British comics artist and illustrator

"Jack O'Lantern", from Eagle

Robert Norton Ayton (1915-1985) was a British comics artist and illustrator who worked for the Eagle and Ladybird Books.

He was born in Bowes Park, London and educated at the Harrow School of Art, and may also have attended the Central School of Art and Design and Hammersmith School of Art. He became a commercial artist with several advertising agencies before going freelance, drawing commissions for Castrol and Rolls-Royce among others.
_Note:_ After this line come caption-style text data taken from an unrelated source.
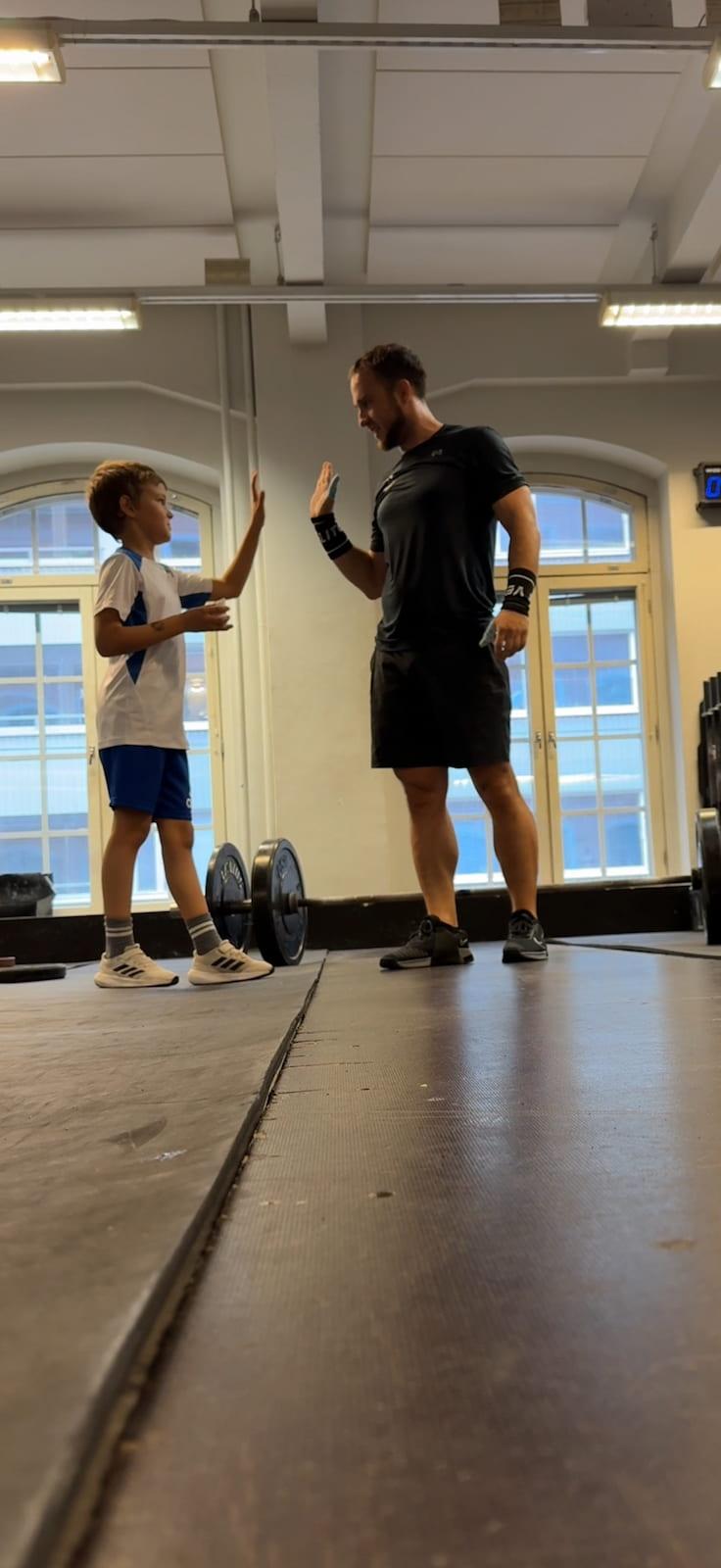 High 5 son at the gym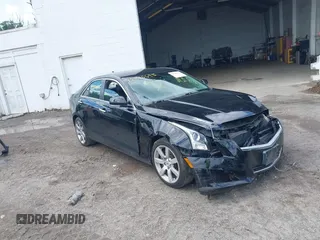 2014 Cadillac ATS Luxury RWD z VIN 1G6AB5RAXE0149887, wystawiony jako IAAI lot #42330695 z przebiegiem 94 045 mil mil oraz . Historia ofert i sprzedaży dostępna na DreamBid. Obrazek 1.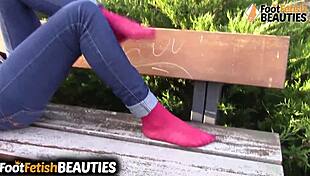 i can’t stop watching this brunette babe go barefoot in the park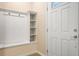 A home's entryway with a white door, beige walls, and custom built in shelving at 8924 Adriatico Ln, Kissimmee, FL 34747
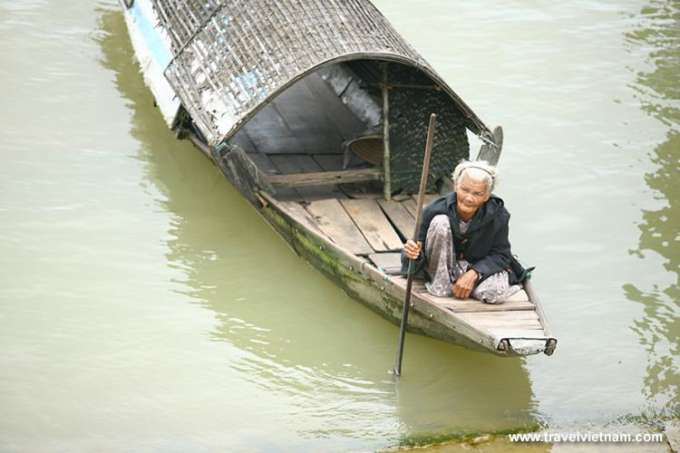 An old woman on a bamboo boat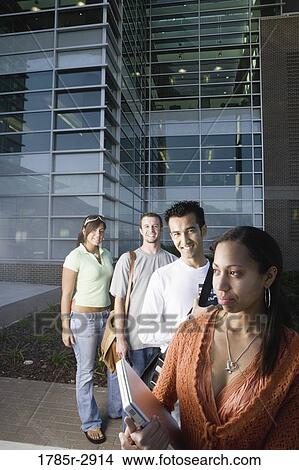University students standing outside campus building View Large Photo Image Picture - University students standing outside campus building. Fotosearch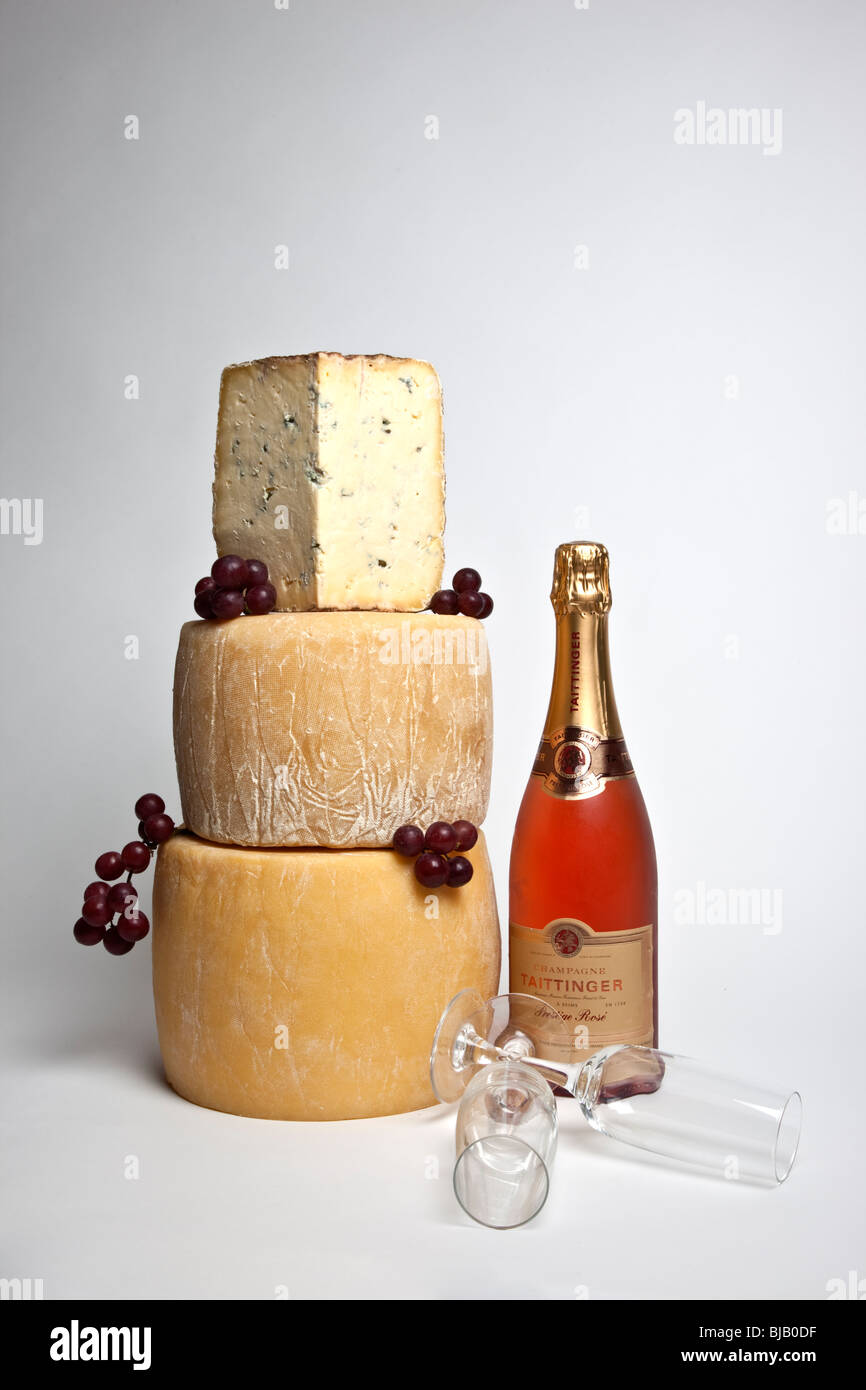 Une célébration de la tour ronde de fromages entiers avec un grand support de fromage bleu avec une bouteille de champagne et deux verres rose Banque D'Images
He was called up for military service during the Second World War, but returned to illustrating once demobbed.

He became friends with fellow illustrator Norman Williams, who recruited him for Marcus Morris' new comic, the Eagle, in 1950. He drew "Jack O'Lantern", a historical series about an orphan in the Napoleonic Wars, written by George Beardmore. When Williams died in 1957, Ayton drew the final episode of his strip, "The Great Sailor", a biography of Lord Nelson. He left "Jack O'Lantern" in 1959, after which it was drawn by Cecil Langley Doughty, but lasted only another 31 weeks. After two years away from comics, he drew illustrations for Girl, before returning to the Eagle to draw "The Golden Man", a biography of Sir Walter Raleigh written by Guy Daniel and Marcus Morris.

He went on to produce illustrations for Ladybird Books, the Oxford University Press and BBC Bristol, and taught illustration part-time at the West of England College of Art. From 1980 he was a member of the artistic group the Bristol Savages. In 1983 he and his wife Joan, who had no children, moved from Bristol to a smaller house in Nailsea, where two years later, aged 70, he died after a heart attack.